The mayor says the reforms, which include replacing the Emergency Response Team with a public protection detail unit and strengthening diversity training for officers, are aimed at providing transparency, accountability and building trust within the community.
But perhaps the biggest reform is an executive order from the mayor that immediately ends arrests for low-level, non-violent offenses.
In the executive order, the mayor says this is to "eliminate the potential for physical interactions between police and citizens for minor, non-violent offenses."
But what constitutes a low-level, non-violent offense?
According to sources within the Buffalo Police Department, officers are now confused as to exactly what crimes they should, and should not, be placing people under arrest.
"We are, at the PBA anxiously waiting to see what these low-level non-violent offenses that they no longer want us to be able to arrest for. At this time, we have been given no details," the Buffalo police union said in a statement.
7 Eyewitness News asked city spokesperson Mike DeGeorge for clarification. We were told the details are still being worked out.
The executive order says non-violent crimes do not include property damage, weapons-related offenses, large drug sales or "arrests mandated by state law."
Legal analyst Florina Altshiler says what the mayor announced does not change the law at all.
"All the mayor is saying is if it is an offense that qualifies for a desk appearance ticket, go ahead and give that desk appearance ticket, instead of taking custodial arrest of the person.
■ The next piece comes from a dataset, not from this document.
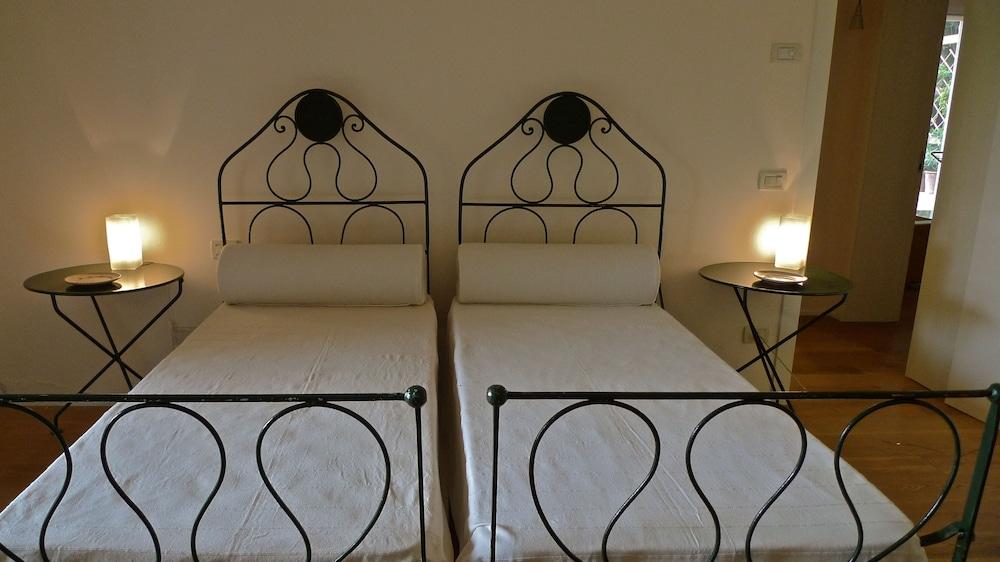 Alle Case Sparse Room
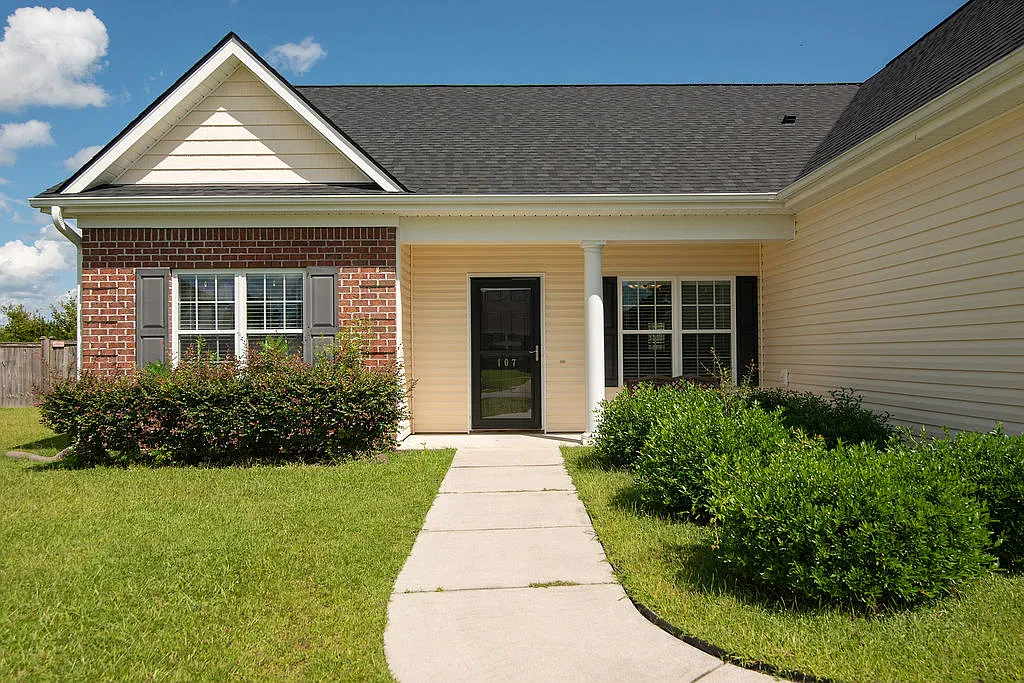 107 Turquoise Drive - 1 — Photo 3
It sounds like now one will be arrested for low-level offenses, technically that's true but what it means is you're still arrested, you get a desk appearance ticket, you have to show up for court, you have to appear and you have to face those charges."
Altshiler said before the executive order, police could give someone a desk appearance ticket or make a physical arrest if they thought appropriate.
"He's basically saying follow the law. He's not decriminalizing low-level offenses and he's not telling the police to suddenly stop enforcing low level offenses."